The Parkview High School student also said the teaching ranks are not as diverse as the student body, and it matters. She was adopted from China as a toddler. Her parents are white. She didn’t see a teacher who looked like her until eighth grade, when she was assigned to a math class led by a woman of Korean ancestry.
She said a book by an Asian author was never assigned reading until a language arts class in her freshman year.
Tsion Agaro, a student in DeKalb County, cannot rely on her parents to teach her the fraught U.S. history of race. They emigrated from Ethiopia. She said the GOP legislation is personal for her.
“In my classroom, we talk about bills like these and we’re all angry about it,” said Agaro, who is Black. She said she feels people like her are being ignored and their history doesn’t matter.
Credit: Jenni Girtman
Credit: Jenni Girtman
Brian Seymour II, a Black father of three in Cobb County, worries schools might avoid touchy subjects or skim the surface of racial history, though he hasn’t seen evidence of it yet.
He liked that his 9-year-old daughter had been taught about how Sacagawea, a young native woman, had helped two white men — Meriwether Lewis and William Clark — with their expedition across new U.S. lands to the Pacific coast.
Kristal Seymour said her children have friends across the color spectrum. Race is becoming less and less an issue.
“But I feel like if we start to back away from race theory and we start to back away from these conversations, we’re going to repeat history,” she said.
Future generations will misunderstand how they got where they are, she said. They won’t understand people who aren’t like them.
“Systemic racism is a reality,” said Raymond Pierce, president of the Atlanta-based Southern Education Foundation, an organization founded after the Civil War to advocate for public education in the South.
He thinks GOP lawmakers are proposing a solution to a problem — an assumption that teachers are indoctrinating their students — that doesn’t exist. And he fears it will drive teachers from the profession.
“It lays the foundation to then start banning books, firing teachers, going through the curriculum and eliminating all conversations on history other than George Washington crossed the Delaware,” he said.

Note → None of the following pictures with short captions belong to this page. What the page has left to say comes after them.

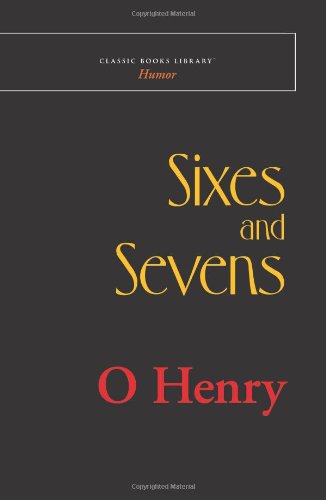 Sixes and Sevens (9781600966965) by O Henry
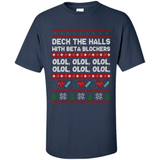 Nurse Christmas Deck The Hall Beta Blockers Sweatshirt - Shirt
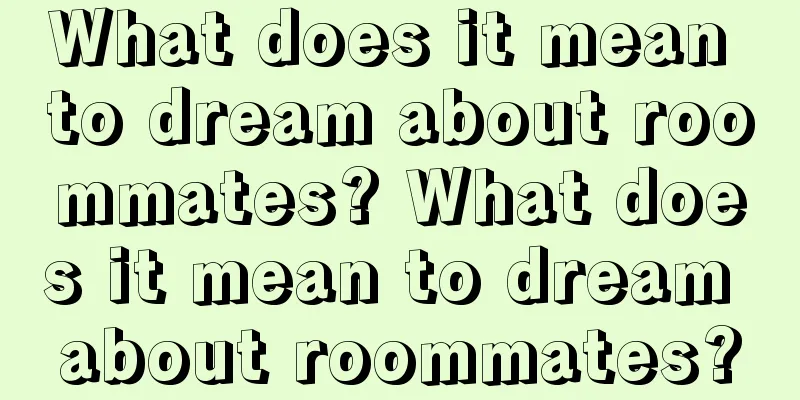 What does it mean to dream about roommates? What does it mean to dream about roommates?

A fifth grade teacher in Cobb said her students have been interested in lessons about refugees and the legalization of interracial marriage. Regardless of what state lawmakers decide, she will keep teaching her students the same way — delivering facts without opinion, she said.
“It is their job to know about how other people live and how other people are, and they can’t be empathetic and contribute to society if they can’t understand other people’s experience,” she said.
Staff writers Cassidy Alexander and Leon Stafford contributed to this article.
What is critical race theory?
Critical race theory is used in higher education to examine the effect of racism on society. It looks at how race has shaped culture, legal systems and policies to produce unequal outcomes. Public school leaders say the theory is not taught in K-12 classrooms. Critics say its tenets about systemic inequity have influenced teachers and curriculum.